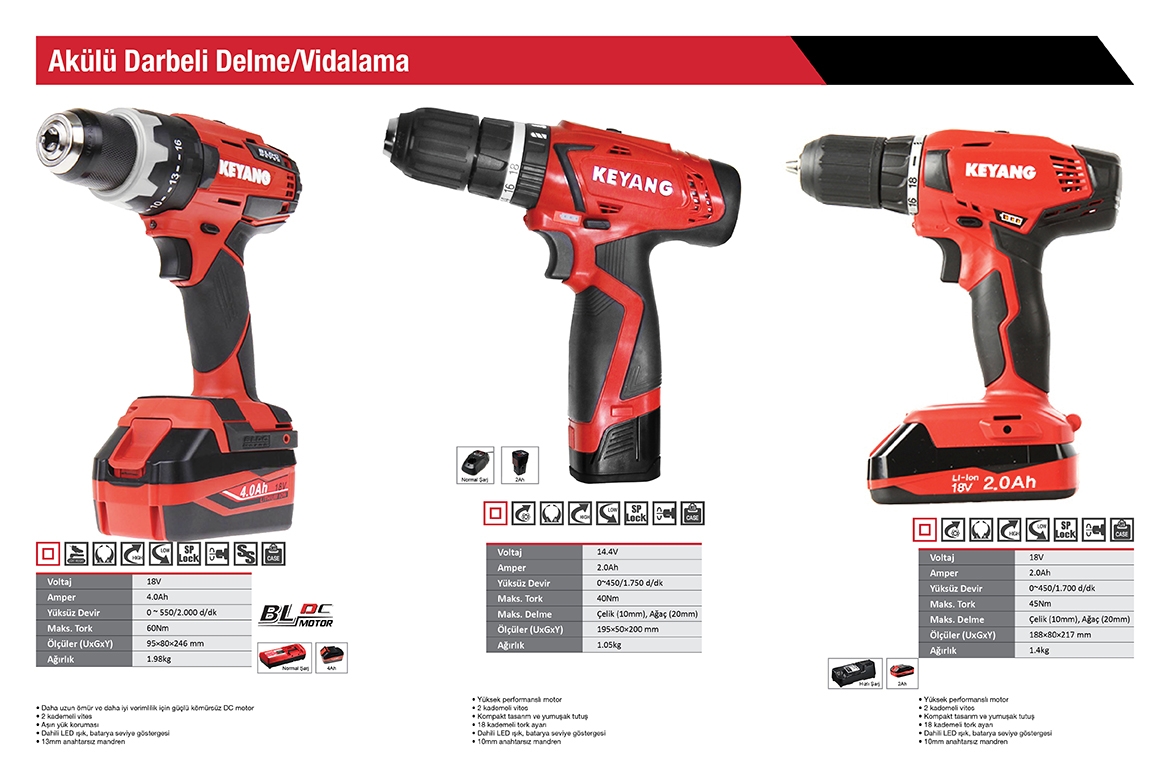 IMPACT DRILLS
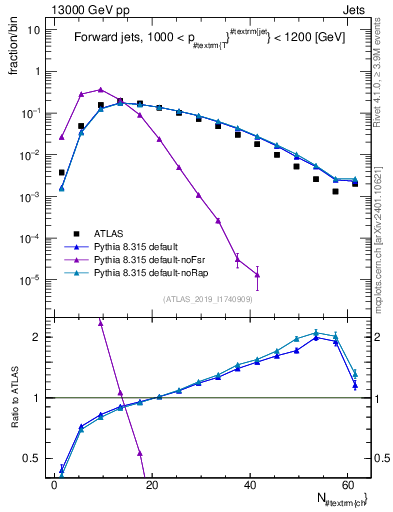 Plot of j.nch in 13000 GeV pp collisions
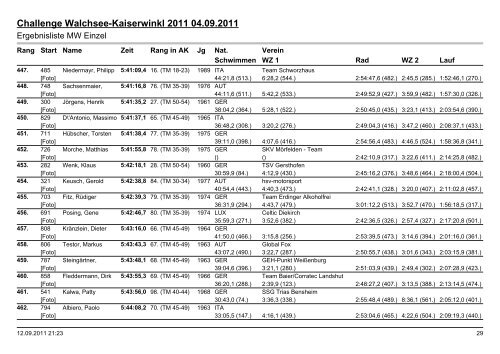 Ergebnislisten|Ergebnisliste MW Challenge - Challenge Family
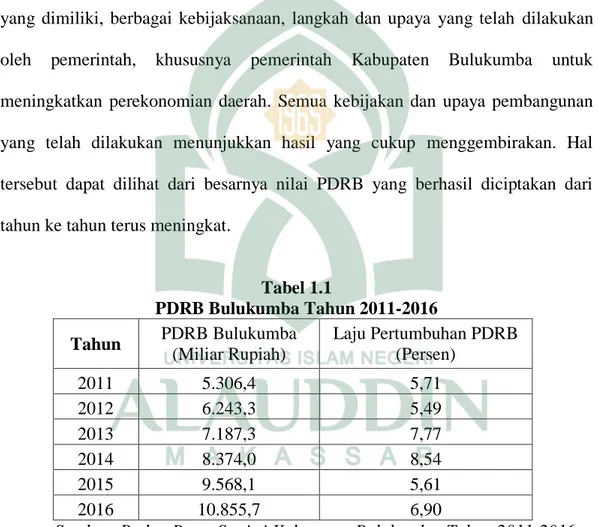 Tabel 1.1   PDRB Bulukumba Tahun 2011-2016  Tahun  PDRB Bulukumba  (Miliar Rupiah)  Laju Pertumbuhan PDRB (Persen)  2011  5.306,4  5,71  2012  6.243,3  5,49  2013  7.187,3  7,77  2014  8.374,0  8,54  2015  9.568,1  5,61  2016  10.855,7  6,90 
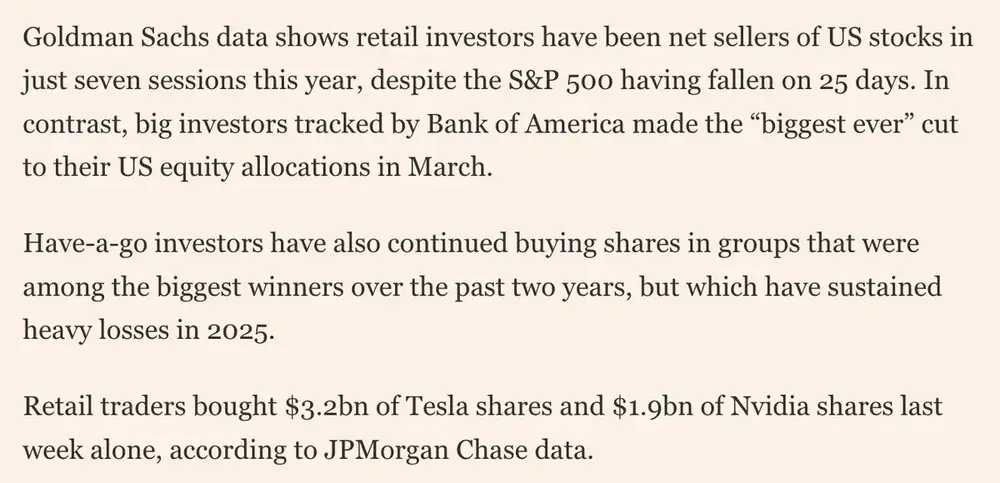 FT buy the dip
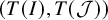 left parenthesis upper T left parenthesis upper I right parenthesis comma upper T left parenthesis script upper J right parenthesis right parenthesis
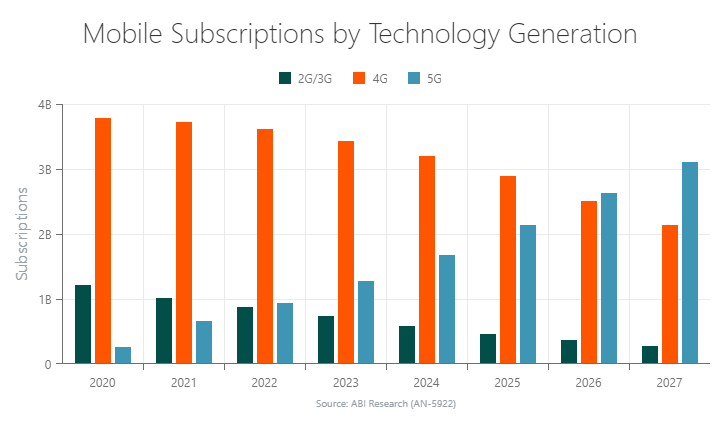 Mobile Subscriptions by Technology Generation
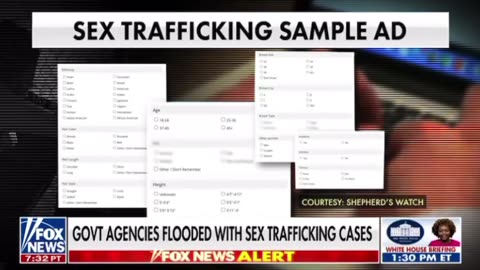 Fox News 🚨 Ordering Sex Trafficking Victims Is As Easy As Ordering A Pizza‼️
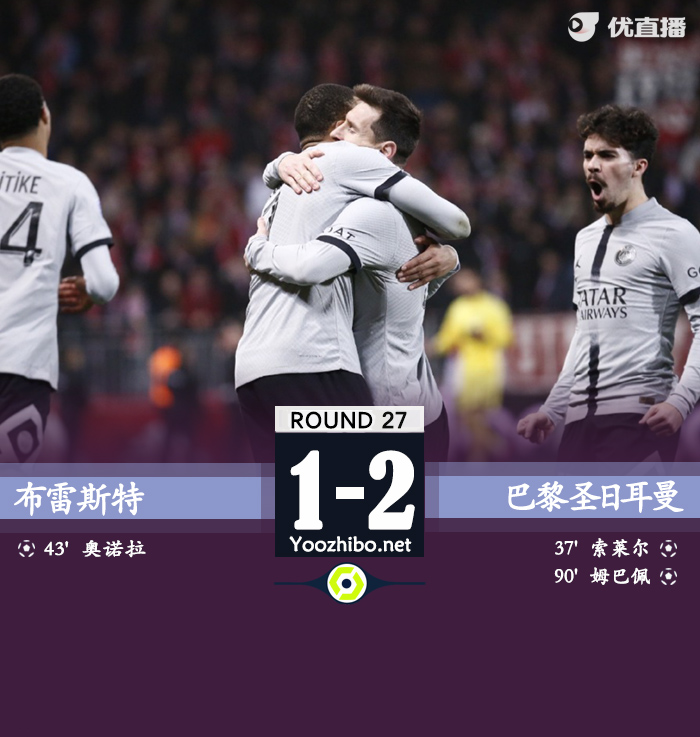 巴黎客場2-1戰勝布雷斯特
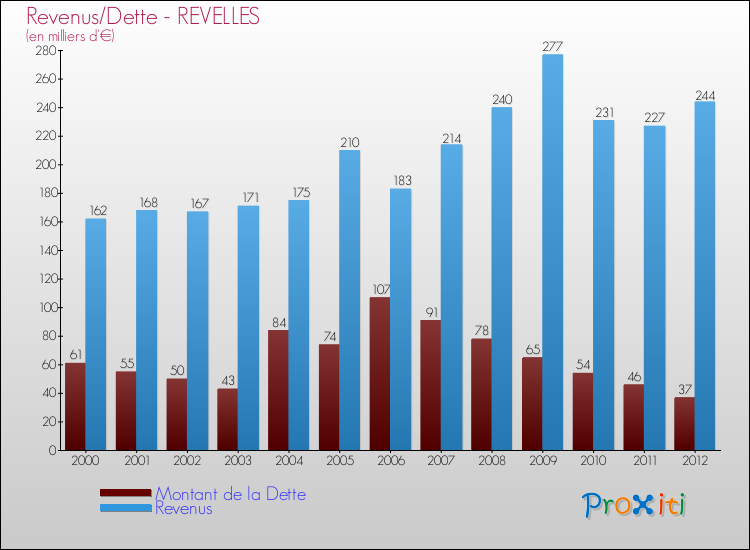 Evolution comparée de la dette et des revenus pour la commune de REVELLES de 2000 à 2012 Comparaison de la dette et des revenus pour REVELLES de 2000 à 2012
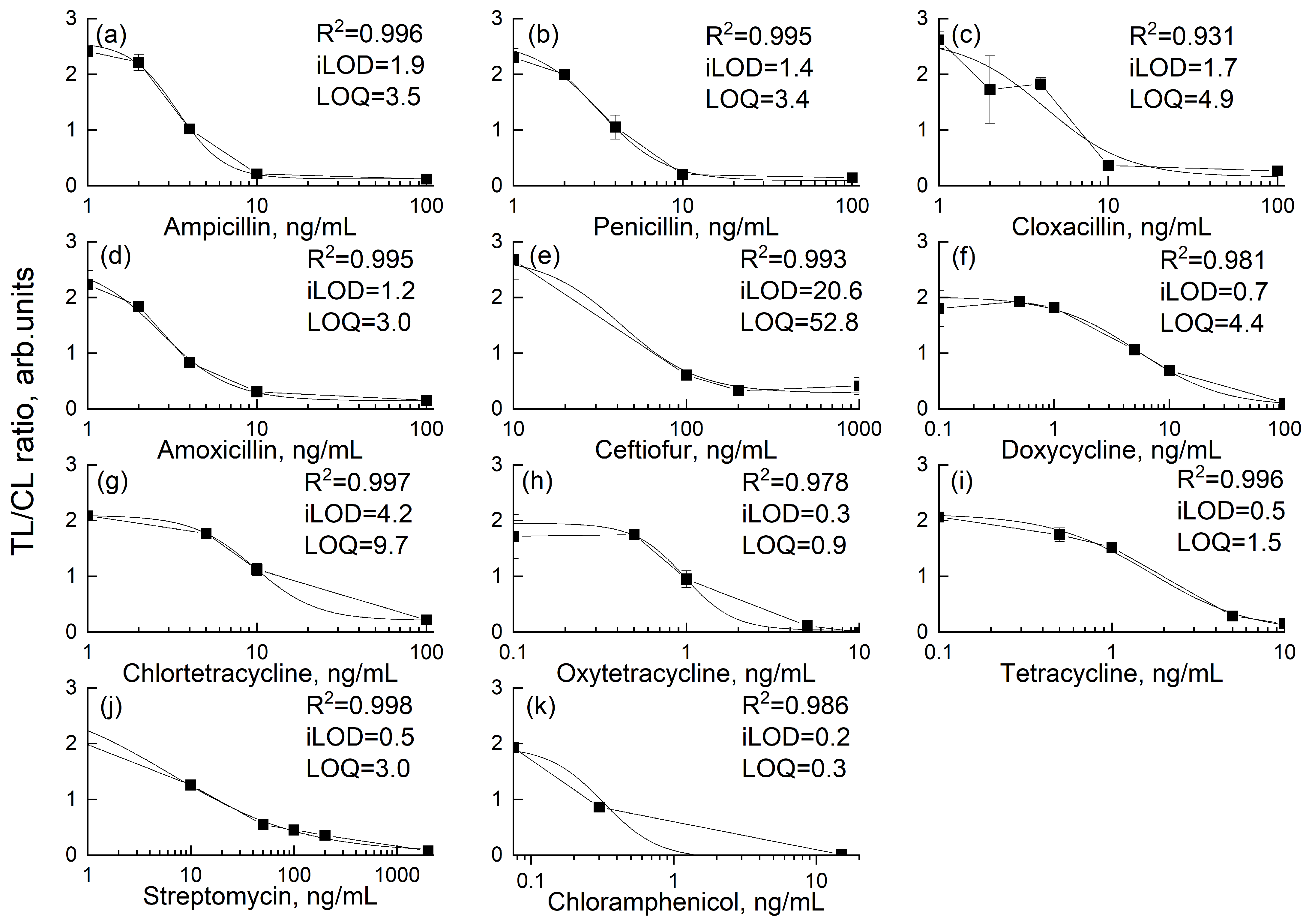Biosensors 15 00592 g007 Biosensors 15 00592 g007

ACTIVITY - Aside from the pictures, repeat the listing exactly.

RESPONSE -
 IMPACT DRILLS
 Plot of j.nch in 13000 GeV pp collisions
 Ergebnislisten|Ergebnisliste MW Challenge - Challenge Family
 Tabel 1.1   PDRB Bulukumba Tahun 2011-2016  Tahun  PDRB Bulukumba  (Miliar Rupiah)  Laju Pertumbuhan PDRB (Persen)  2011  5.306,4  5,71  2012  6.243,3  5,49  2013  7.187,3  7,77  2014  8.374,0  8,54  2015  9.568,1  5,61  2016  10.855,7  6,90 
 FT buy the dip
 left parenthesis upper T left parenthesis upper I right parenthesis comma upper T left parenthesis script upper J right parenthesis right parenthesis
 Mobile Subscriptions by Technology Generation
 Fox News 🚨 Ordering Sex Trafficking Victims Is As Easy As Ordering A Pizza‼️
 巴黎客場2-1戰勝布雷斯特
 Evolution comparée de la dette et des revenus pour la commune de REVELLES de 2000 à 2012 Comparaison de la dette et des revenus pour REVELLES de 2000 à 2012
Biosensors 15 00592 g007 Biosensors 15 00592 g007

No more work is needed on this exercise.